A new primer from WIRES on Transmission Formula Rates (TFRs). This comprehensive overview prepared by London Economics International explores what TFRs are, describes how FERC applies such rates; and assesses in an objective manner the positive ratemaking characteristics inherent in the use of TFRs for customers, regulators, transmission owners, and other industry stakeholders. The primer also provides a brief history of the inception and use of formula rates, as well as a high-level comparison of the use of the traditional stated rates approach and formula rates.
Under the TFR approach, after the utility files an initial application under the Federal Power Act (“FPA”) Section 205, the Commission approves a formula for the utility to calculate its costs of service and derive its rates, and in subsequent years, the utility uses the approved formula and updated input data to calculate its new rates each year. The utility submits its annual updates and supporting documentation to the Commission on an informational basis only, and shares the updates with interested parties, who can review, verify, and challenge the inputs used in the calculations pursuant to approved protocols. In contrast, under the stated rates approach, the utility must file an application under FPA Section 205 each time it seeks to change its rates.
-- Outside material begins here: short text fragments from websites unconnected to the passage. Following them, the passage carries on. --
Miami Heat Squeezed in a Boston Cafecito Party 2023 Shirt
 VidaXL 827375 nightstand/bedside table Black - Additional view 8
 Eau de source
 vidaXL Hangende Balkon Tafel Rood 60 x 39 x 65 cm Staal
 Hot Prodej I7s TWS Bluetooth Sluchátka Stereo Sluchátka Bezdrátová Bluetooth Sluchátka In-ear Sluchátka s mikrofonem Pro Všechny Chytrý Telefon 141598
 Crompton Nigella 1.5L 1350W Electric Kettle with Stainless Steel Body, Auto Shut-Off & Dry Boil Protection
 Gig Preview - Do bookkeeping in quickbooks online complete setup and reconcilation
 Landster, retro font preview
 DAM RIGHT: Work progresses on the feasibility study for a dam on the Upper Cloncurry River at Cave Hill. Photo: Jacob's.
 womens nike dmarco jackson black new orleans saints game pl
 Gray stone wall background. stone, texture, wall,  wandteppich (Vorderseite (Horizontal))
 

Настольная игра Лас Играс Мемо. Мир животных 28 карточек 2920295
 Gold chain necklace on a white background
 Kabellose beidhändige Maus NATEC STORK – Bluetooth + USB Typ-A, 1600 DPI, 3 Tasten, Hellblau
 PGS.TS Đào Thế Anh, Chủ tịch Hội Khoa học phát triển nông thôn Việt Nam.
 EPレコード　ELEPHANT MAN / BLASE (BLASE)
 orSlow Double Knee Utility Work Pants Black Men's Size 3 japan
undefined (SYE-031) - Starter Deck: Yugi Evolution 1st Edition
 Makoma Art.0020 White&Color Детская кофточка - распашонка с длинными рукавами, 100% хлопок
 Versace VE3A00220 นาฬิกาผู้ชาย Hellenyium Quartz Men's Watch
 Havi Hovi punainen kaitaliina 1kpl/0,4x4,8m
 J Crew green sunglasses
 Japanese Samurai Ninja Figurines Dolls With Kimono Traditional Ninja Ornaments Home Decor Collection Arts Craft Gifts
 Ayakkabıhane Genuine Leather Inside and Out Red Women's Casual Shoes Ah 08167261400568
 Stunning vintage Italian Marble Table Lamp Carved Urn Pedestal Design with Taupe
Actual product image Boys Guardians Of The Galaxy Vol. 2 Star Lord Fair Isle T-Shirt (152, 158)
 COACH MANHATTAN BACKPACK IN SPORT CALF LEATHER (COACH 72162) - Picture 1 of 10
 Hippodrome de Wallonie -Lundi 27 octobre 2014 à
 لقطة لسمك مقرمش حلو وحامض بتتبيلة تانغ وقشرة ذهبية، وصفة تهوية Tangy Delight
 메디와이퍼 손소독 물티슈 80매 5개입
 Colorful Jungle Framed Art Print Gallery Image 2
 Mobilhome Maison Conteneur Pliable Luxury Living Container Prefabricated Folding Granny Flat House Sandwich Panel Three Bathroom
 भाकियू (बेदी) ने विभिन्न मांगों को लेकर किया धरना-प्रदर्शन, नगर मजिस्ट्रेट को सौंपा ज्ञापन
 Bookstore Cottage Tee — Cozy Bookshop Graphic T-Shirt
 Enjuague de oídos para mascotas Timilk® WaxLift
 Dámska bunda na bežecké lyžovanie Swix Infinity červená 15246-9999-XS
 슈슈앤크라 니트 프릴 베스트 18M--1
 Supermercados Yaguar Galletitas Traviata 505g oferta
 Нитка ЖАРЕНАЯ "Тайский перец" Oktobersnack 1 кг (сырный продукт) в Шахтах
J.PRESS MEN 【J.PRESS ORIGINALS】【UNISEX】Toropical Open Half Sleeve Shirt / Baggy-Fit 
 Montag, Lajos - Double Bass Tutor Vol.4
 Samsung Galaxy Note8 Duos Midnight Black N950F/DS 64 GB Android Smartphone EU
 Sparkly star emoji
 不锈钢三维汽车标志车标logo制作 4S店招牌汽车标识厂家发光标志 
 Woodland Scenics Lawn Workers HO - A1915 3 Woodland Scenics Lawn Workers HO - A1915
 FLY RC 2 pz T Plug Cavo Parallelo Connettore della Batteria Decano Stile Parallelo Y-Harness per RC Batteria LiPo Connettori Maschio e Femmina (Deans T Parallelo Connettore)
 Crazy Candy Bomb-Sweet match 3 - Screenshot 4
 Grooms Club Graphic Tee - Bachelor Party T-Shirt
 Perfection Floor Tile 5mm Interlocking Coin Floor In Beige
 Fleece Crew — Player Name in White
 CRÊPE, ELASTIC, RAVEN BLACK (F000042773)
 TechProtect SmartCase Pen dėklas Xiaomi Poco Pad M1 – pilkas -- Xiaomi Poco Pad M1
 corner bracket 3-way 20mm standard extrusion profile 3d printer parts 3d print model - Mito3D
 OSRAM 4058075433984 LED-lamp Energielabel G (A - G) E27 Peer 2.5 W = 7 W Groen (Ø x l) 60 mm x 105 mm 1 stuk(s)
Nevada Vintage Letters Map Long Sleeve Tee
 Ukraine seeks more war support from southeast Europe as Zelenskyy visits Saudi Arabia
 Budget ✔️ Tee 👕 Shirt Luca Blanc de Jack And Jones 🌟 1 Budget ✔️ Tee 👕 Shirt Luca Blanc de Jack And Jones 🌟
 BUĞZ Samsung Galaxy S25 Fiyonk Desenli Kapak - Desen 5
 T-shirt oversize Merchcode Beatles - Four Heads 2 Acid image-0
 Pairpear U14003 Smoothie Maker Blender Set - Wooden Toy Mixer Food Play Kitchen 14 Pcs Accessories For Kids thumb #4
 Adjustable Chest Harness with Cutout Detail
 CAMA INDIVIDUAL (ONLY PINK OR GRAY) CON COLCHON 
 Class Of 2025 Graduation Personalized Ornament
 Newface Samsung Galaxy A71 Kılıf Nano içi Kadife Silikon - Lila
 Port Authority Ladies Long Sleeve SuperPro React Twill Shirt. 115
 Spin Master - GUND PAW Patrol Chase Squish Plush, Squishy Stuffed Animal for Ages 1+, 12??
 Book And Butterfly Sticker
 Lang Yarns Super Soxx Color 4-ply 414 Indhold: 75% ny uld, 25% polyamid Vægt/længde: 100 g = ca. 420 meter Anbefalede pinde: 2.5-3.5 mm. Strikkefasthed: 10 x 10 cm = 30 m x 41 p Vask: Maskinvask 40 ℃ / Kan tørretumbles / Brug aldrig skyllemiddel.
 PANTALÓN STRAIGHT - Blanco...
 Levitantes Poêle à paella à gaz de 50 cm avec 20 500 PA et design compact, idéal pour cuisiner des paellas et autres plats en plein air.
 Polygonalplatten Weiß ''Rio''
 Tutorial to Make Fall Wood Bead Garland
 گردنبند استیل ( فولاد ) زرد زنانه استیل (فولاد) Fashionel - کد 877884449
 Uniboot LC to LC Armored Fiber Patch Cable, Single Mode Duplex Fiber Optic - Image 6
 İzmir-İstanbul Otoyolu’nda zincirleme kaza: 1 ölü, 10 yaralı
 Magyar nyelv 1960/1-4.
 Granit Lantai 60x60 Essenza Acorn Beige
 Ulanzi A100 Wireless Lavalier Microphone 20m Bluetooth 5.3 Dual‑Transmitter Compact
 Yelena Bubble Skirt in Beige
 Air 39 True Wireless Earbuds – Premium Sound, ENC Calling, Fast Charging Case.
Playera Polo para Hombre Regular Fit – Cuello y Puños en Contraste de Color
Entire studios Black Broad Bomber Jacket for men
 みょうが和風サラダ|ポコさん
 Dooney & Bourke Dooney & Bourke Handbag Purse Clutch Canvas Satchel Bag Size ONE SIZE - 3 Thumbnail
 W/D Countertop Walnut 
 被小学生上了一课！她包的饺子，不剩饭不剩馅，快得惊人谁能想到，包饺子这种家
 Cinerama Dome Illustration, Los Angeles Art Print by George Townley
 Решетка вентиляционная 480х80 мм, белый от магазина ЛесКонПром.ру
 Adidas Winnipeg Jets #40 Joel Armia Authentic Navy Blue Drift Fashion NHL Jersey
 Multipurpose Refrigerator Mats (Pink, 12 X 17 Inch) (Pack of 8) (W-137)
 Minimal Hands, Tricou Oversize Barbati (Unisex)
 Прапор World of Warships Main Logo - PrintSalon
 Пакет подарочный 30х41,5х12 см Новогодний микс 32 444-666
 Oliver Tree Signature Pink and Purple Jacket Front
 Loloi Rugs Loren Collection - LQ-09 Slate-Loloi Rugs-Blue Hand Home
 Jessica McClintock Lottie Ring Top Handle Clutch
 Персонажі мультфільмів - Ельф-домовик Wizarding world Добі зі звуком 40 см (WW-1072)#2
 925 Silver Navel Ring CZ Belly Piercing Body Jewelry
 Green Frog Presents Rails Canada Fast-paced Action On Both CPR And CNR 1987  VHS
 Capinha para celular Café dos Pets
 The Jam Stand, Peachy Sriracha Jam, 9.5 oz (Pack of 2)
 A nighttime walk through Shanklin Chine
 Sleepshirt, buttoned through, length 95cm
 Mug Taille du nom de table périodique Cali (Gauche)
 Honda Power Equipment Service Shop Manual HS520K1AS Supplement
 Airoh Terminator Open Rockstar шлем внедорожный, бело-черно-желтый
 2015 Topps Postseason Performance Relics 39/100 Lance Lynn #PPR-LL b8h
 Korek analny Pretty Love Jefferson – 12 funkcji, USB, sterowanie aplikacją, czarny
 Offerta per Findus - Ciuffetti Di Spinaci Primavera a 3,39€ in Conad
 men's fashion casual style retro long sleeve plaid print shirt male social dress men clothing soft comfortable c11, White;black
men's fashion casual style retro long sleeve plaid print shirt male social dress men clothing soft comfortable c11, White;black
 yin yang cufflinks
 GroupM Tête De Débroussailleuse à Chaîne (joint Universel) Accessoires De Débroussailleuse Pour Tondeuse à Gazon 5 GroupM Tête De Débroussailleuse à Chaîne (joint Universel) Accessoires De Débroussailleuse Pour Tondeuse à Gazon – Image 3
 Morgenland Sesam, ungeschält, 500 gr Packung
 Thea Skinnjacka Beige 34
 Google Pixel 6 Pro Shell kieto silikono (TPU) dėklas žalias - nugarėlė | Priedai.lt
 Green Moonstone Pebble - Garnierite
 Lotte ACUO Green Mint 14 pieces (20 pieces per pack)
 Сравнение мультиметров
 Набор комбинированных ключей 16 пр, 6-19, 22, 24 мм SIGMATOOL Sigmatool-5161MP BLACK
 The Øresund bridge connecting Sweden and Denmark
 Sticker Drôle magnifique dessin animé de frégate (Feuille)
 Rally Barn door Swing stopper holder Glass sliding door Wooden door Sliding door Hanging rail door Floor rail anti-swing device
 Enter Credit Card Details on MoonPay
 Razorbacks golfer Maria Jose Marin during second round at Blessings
TFR use has become widespread across electric utilities under Commission jurisdiction, with recent estimates (as of November 2019) reporting approximately 106 utilities using TFRs, compared to only 31 utilities using transmission stated rates.1 Based on LEI’s analysis, transmission owners using TFRs have service territories encompassing every state in the continental United States.2
TFRs gained traction because of their characteristics that advance multiple ratemaking objectives and balance the interests of customers, regulators, transmission owners, and other stakeholders.
1 FERC. Order No. 864. November 21, 2019. P. 68-69. These numbers reflect only entities that are under Commission jurisdiction. Non-jurisdictional entities, such as many cooperatives and municipal power providers, are not included in these figures.
2 Drawn from various sources, including tariffs filed with the Commission, utility service maps, and state regulators.